Content starts
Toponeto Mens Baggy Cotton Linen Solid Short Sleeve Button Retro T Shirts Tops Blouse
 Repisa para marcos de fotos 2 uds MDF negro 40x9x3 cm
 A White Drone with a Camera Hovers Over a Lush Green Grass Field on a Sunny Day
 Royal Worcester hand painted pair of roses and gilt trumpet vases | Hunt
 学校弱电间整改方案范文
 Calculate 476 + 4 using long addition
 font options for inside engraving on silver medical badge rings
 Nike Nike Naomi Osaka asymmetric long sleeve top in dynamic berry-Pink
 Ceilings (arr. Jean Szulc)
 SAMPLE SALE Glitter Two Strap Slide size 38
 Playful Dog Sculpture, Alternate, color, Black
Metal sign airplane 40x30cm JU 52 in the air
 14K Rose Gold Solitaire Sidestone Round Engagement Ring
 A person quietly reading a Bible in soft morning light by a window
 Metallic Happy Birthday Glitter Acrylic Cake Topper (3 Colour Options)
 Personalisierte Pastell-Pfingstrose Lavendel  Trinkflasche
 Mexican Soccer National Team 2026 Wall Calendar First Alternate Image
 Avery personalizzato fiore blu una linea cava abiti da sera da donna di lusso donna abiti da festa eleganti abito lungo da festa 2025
Content ends
**Task to complete**
Review the material and copy each line in which the word "Glitter" appears.

**Solution to this exercise**
 SAMPLE SALE Glitter Two Strap Slide size 38
 Metallic Happy Birthday Glitter Acrylic Cake Topper (3 Colour Options)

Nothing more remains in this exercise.